RECORDED INFORMATION
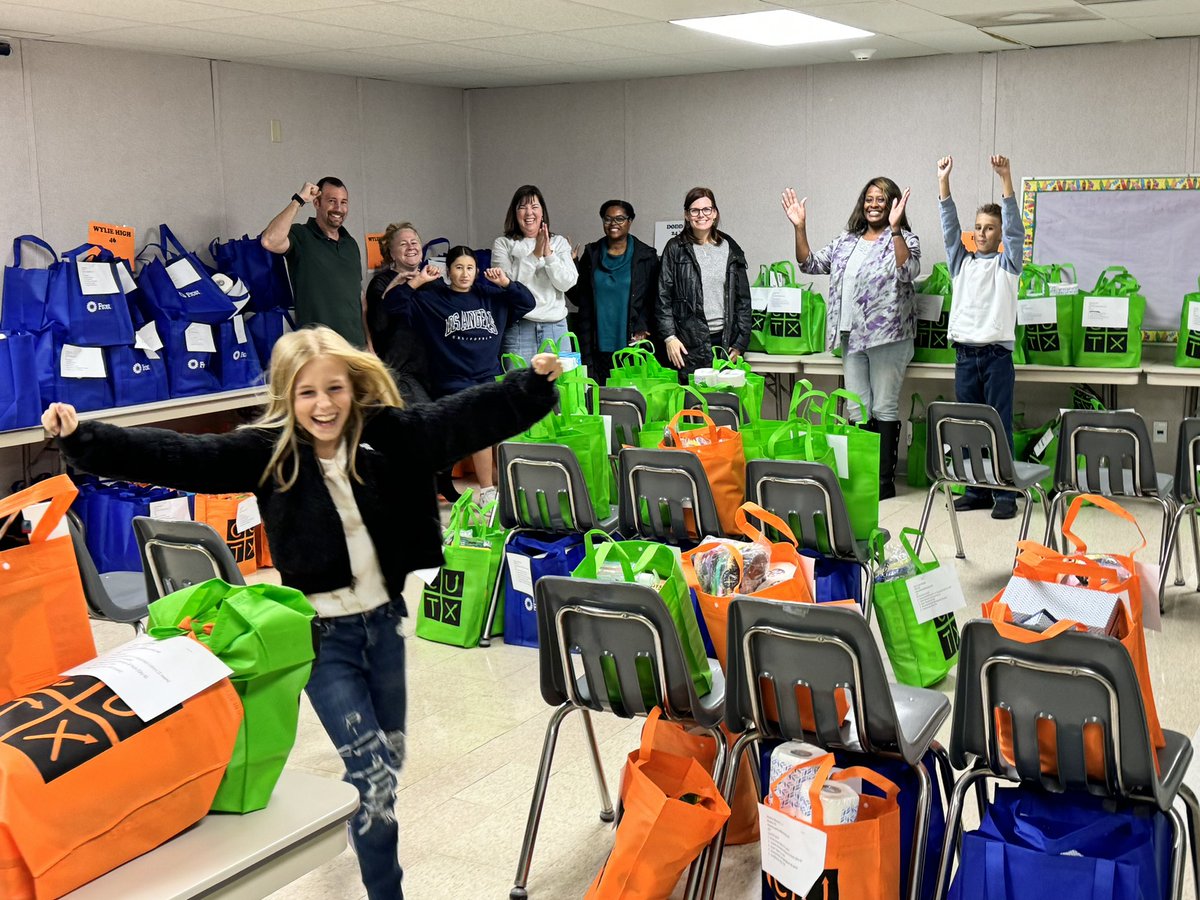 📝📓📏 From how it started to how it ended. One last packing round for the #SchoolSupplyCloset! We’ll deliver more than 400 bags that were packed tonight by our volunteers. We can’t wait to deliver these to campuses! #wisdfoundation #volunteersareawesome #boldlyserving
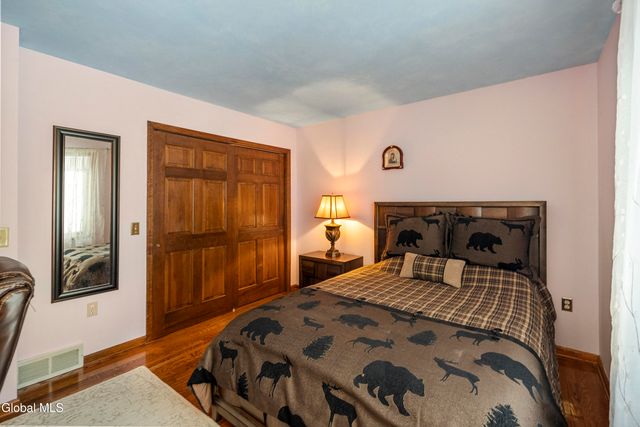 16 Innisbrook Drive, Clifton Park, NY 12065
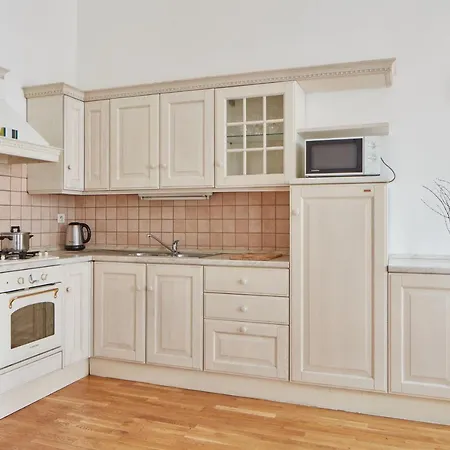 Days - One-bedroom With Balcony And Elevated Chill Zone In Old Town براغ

YOUR ASSIGNMENT
Would you output the full listing exactly as it stands, minus the images?

EXERCISE ANSWER
 📝📓📏 From how it started to how it ended. One last packing round for the #SchoolSupplyCloset! We’ll deliver more than 400 bags that were packed tonight by our volunteers. We can’t wait to deliver these to campuses! #wisdfoundation #volunteersareawesome #boldlyserving
 16 Innisbrook Drive, Clifton Park, NY 12065
 Days - One-bedroom With Balcony And Elevated Chill Zone In Old Town براغ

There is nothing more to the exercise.